A simplified parameterization of isoprene-epoxydiol-derived secondary organic aerosol (IEPOX-SOA) for global chemistry and climate models: A case study with GEOS-Chem v11-02-rc

Secondary organic aerosol derived from isoprene epoxydiols (IEPOX-SOA) is thought to contribute the dominant fraction of total isoprene SOA, but the current volatility-based lumped SOA parameterizations are not appropriate to represent the reactive uptake of IEPOX onto acidified aerosols. A full explicit modeling of this chemistry is however computationally expensive owing to the many species and reactions tracked, which makes it difficult to include it in chemistry–climate models for long-term studies. Here we present three simplified parameterizations (version 1.0) for IEPOX-SOA simulation, based on an approximate analytical/fitting solution of the IEPOX-SOA yield and formation timescale. The yield and timescale can then be directly calculated using the global model fields of oxidants, NO, aerosol pH and other key properties, and dry deposition rates. The advantage of the proposed parameterizations is that they do not require the simulation of the intermediates while retaining the key physicochemical dependencies. We have implemented the new parameterizations into the GEOS-Chem v11-02-rc chemical transport model, which has two empirical treatments for isoprene SOA (the volatility-basis-set, VBS, approach and a fixed 3 % yield parameterization), and compared all of them to the case with detailed fully explicit chemistry. The best parameterization (PAR3) captures the global tropospheric burden of IEPOX-SOA and its spatiotemporal distribution (R2=0.94) vs. those simulated by the full chemistry, while being more computationally efficient (∼5 times faster), and accurately captures the response to changes in NOx and SO2 emissions.
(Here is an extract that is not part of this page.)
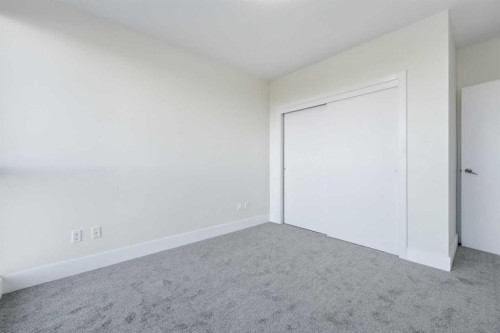 607-2505 17 Avenue Sw, Calgary, AB - Indoor Photo Showing Other Room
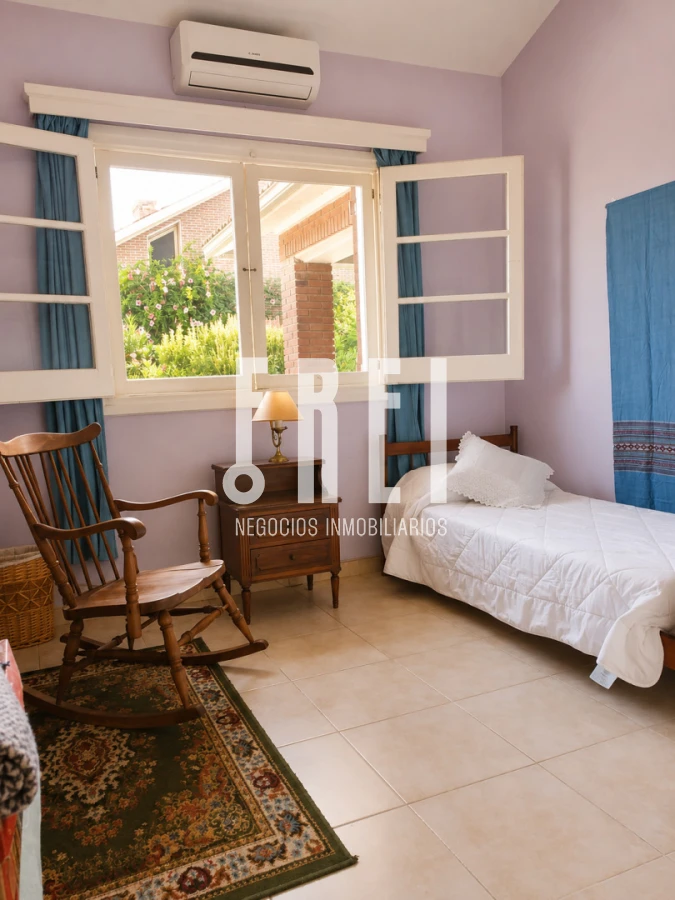 Casa ID.826 - CASA 4 DORMITORIOS EN PLAYA MANSA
On the other hand, the constant 3 % yield that is now the default in GEOS-Chem deviates strongly (R2=0.66), as does the VBS (R2=0.47, 49 % underestimation), with neither parameterization capturing the response to emission changes. With the advent of new mass spectrometry instrumentation, many detailed SOA mechanisms are being developed, which will challenge global and especially climate models with their computational cost. The methods developed in this study can be applied to other SOA pathways, which can allow including accurate SOA simulations in climate and global modeling studies in the future.